> _Your assignment_: Required from the data below: the exact lines starting at the line containing "Set of metal" and ending at the line containing "Landes's staff Judith", with both ends kept and all pictures dropped.

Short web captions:
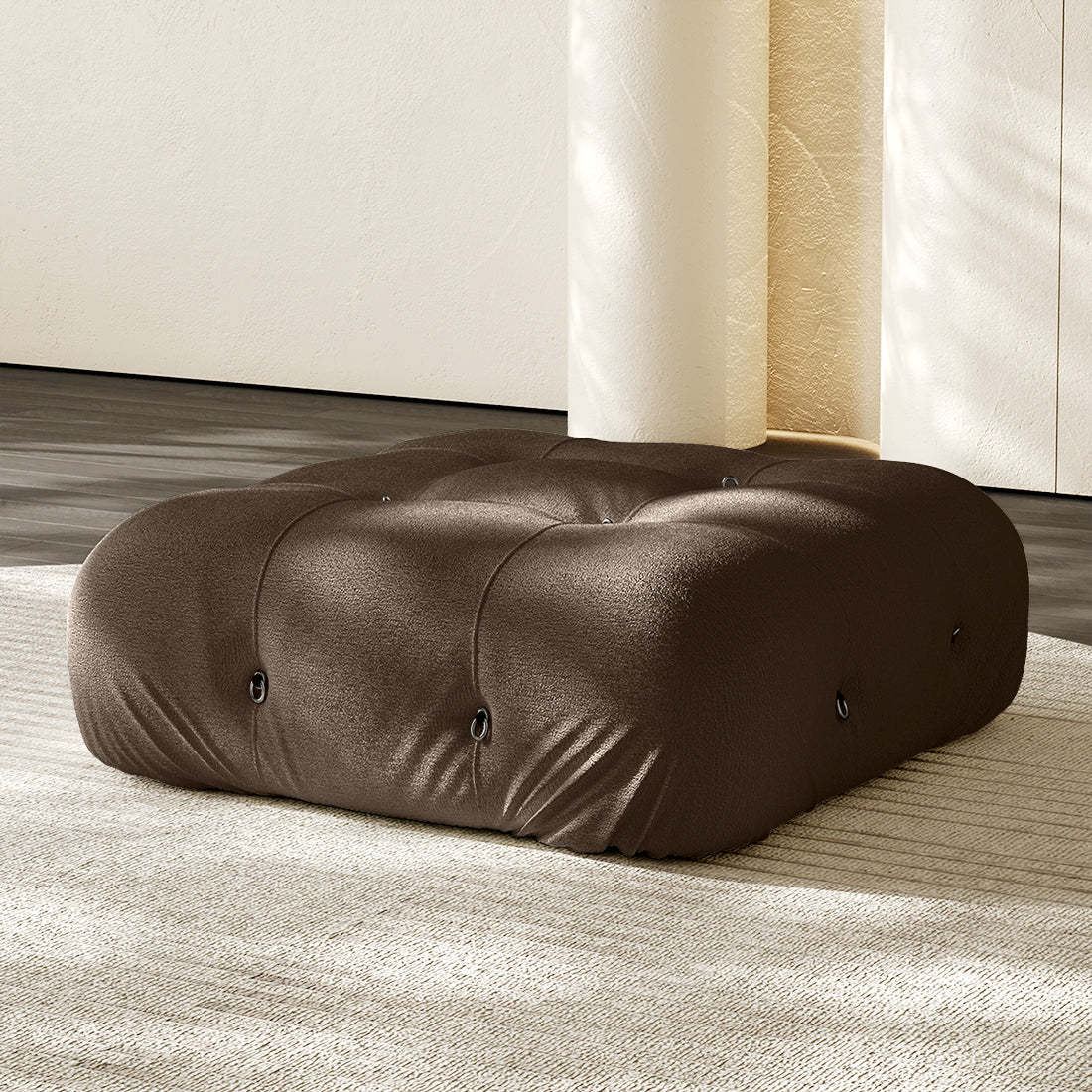 Dark brown square ottoman with tufted button details and plush compression cushioning.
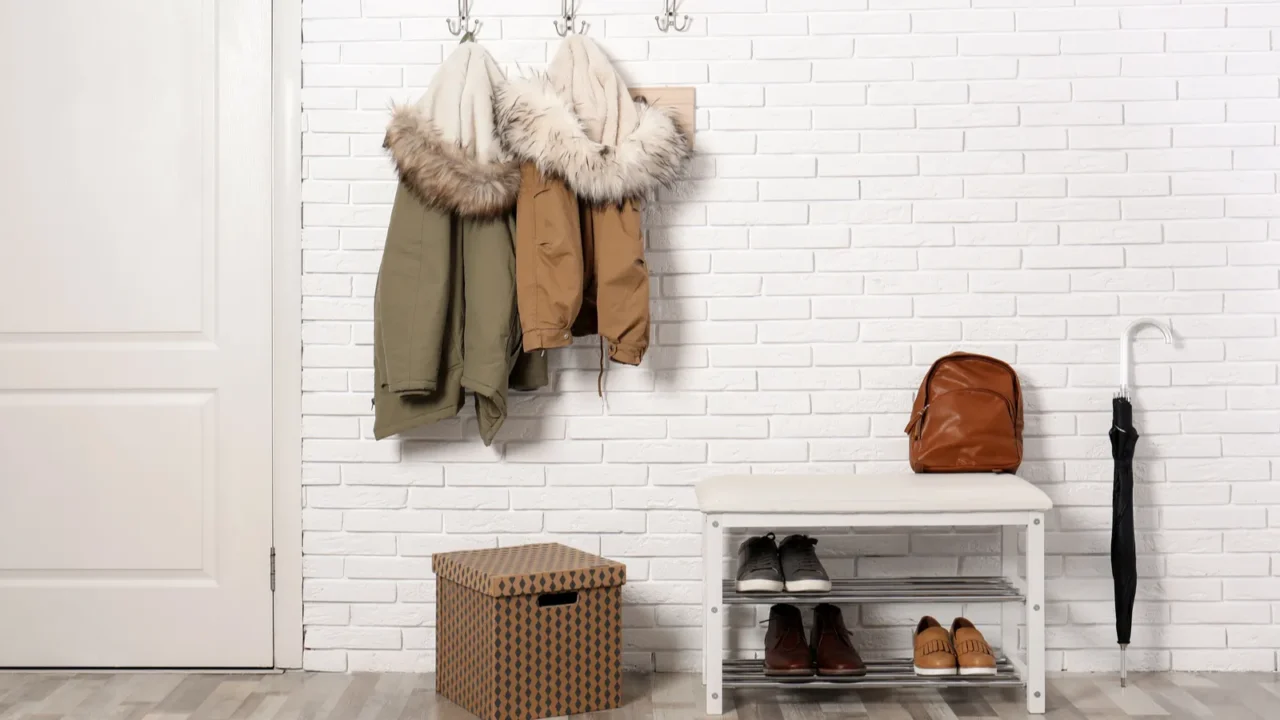 Stylish hallway interior with shoe rack and hanging clothes on brick wall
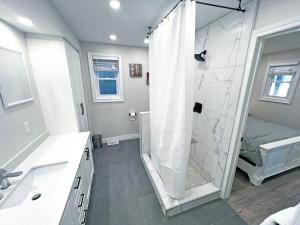 汉密尔顿Limeridge Mall - Open Concept的带淋浴和盥洗盆的白色浴室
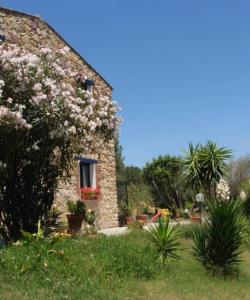 a house with flowers on the side of it at Sa Funtana in Gonnesa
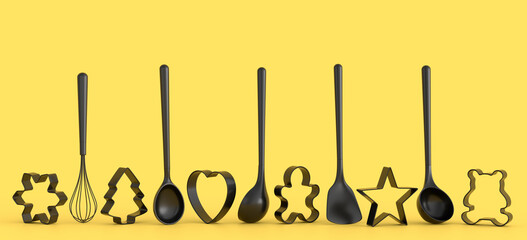 Set of metal cookie cutters and wooden kitchen utensils on monochrome background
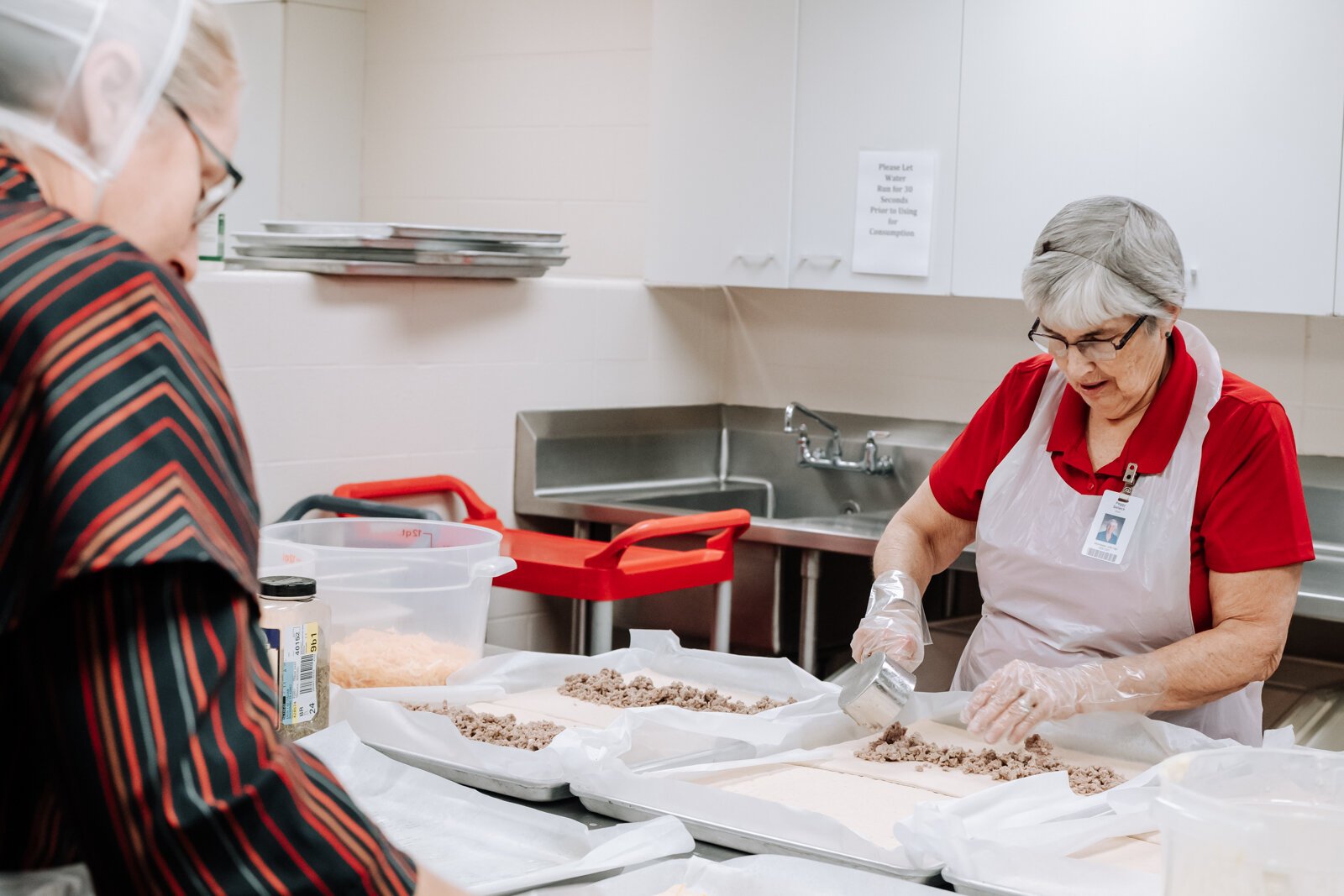 Landes's staff Judith Brovont, left, and Peggy Selleck prepare sausage bread for lunch at Manchester Junior-Senior High School with local pork from 4-H.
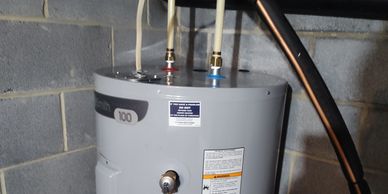 Water heater installed in a basement corner.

> _Solution for this exercise_:
 Set of metal cookie cutters and wooden kitchen utensils on monochrome background
 Landes's staff Judith Brovont, left, and Peggy Selleck prepare sausage bread for lunch at Manchester Junior-Senior High School with local pork from 4-H.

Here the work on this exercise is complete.